La puerta automática tiene dos paneles correderos de laminado de acero. Está revestida de acero inoxidable satinado.

El ascensor acaba de superar el quinto piso.

Ferro tiene la mirada clavada en los muslos de la chica de cabello verde, generosamente descubiertos por el uniforme.

Bonitas piernas.

Un poco baja para mi gusto, un poco plana por delante, pero tiene bonitas piernas. Yo conozco ese uniforme. Me parece que trabaja en ese bar del centro, ¿cómo se llama? He estado allí con el Dentista, en ese bar del centro, ¿cómo se llama ese bar del centro?

En su cabeza, Elvis está cantando «Bridge Over Troubled Water» en el escenario de Las Vegas.

Mejor que esos dos maricones con sus vocecitas, mejor que Simon y Garfunkel. Elvis se ha apropiado de la canción, la ha masticado y la ha sacado fuera, mejor que ese par de maricones con sus vocecitas, ¡bah! Elvis ha reelaborado la melodía de esa canción en el corazón, la ha plasmado en la garganta y la ha devuelto al mundo, remodelada e incandescente.

Unos segundos más y estará en su antiguo apartamento de soltero, Ferro. Que entre tanto, mira descaradamente los muslos de la chica del pelo verde.

El ascensor acaba de superar el sexto piso.

El Skylark 2000 mide un metro treinta de largo por noventa y cinco centímetros de ancho.

El Skylark acaba de superar el séptimo piso.

Tomás y Claudia encuentran al mismo tiempo las respectivas llaves de casa, las separan con los dedos del resto.

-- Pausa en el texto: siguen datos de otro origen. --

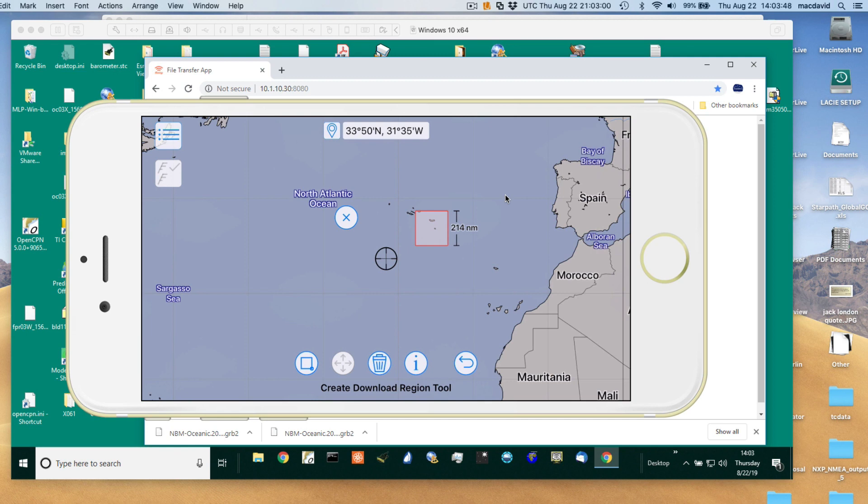Hello, this is a sample download onto an iPhone 6 Plus using the new LuckGrib Offshore model, which allows us to connect directly to an Iridium Go for downloading the data.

El ascensor acaba de superar el octavo piso.

También Ferro busca la llave de casa. Está en el fondo del bolsillo, con la navaja.

El ascensor acaba de superar el noveno piso.

Tiene unas ganas locas de fumar, Ferro. Tiene el paquete de cigarrillos y el Zippo en el bolsillo de la camisa.

En cuanto llegue a casa me fumo un cigarrillo. Primero me tomo un vaso de agua, que reviento de calor y tengo la camisa pegada, coño, luego me fumo un cigarrillo.

El Skylark acaba de superar el décimo piso.

A las 17:03, el Skylark 2000 acaba de superar el décimo piso. Cuando, de repente, se apagan las luces de la cabina. El ascensor se detiene. Entre el undécimo y el duodécimo piso.